The question of whether glycation promotes protein fibrilization remains under intense debate. Although it seems to promote Aβ fibrilization 74 and α‐syn 110 and PrP 152 oligomerization, a direct relationship between glycation and β‐sheet formation in vivo is still missing. Since glycation is understood as a non‐enzymatic process, the modifications are predicted to occur at random. However, as already mentioned, SOD1 activity is only affected when specific residues are found to be glycated 125. Moreover, only four of the 21 PrP putative glycation sites are modified 152. These results suggest that glycation may modify specific targets and be understood as a post‐translational modification that alters protein function, similarly to phosphorylation or acetylation. If this is true, a novel avenue for therapeutic intervention for several diseases may emerge by studying the specific glycation sites in the proteins involved in neurodegenerative disorders (eg α‐syn, Aβ, TTR). By developing specific inhibitors or enhancers of glycation, it may be possible to modulate the oligomerization of those proteins to promote the formation of species with lower cytotoxicity.

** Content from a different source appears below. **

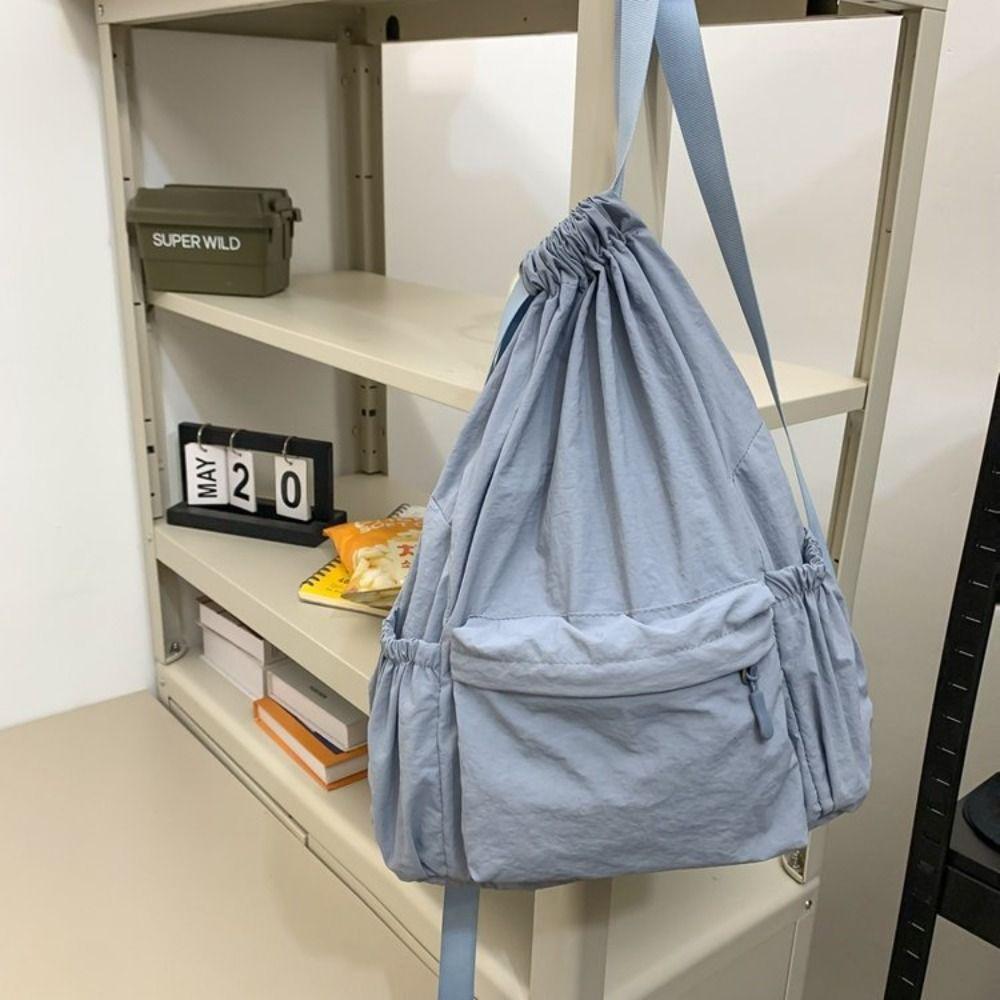 Light Weight Nylon Shoulder Bag Large Capacity High School Bag Drawstring Backpack Girls Boys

It will also be important to evaluate the effect of glycation on protein–protein interactions that may compromise several cellular pathways. For example, it is described that, upon RAGE interaction, Aβ may be taken up and degraded via the lysosomal degradation pathway 88. If Aβ is glycated at the site of RAGE recognition, its proteolysis may be compromised, leading to an increase in the concentration of Aβ.

In the future it will be important to evaluate the potential of using specific AGEs as biomarkers of disease. In the context of diabetes mellitus, for example, AGE fluorescence is currently being used as a marker of these complications 16, 17. It has been described that several neurodegenerative disorder‐related proteins are present in extracellular fluids 104, 179-182. It would be of great importance to probe the presence of AGEs in these proteins and establish a relationship between the extent of glycation and the pathological condition to develop new early diagnostic tools.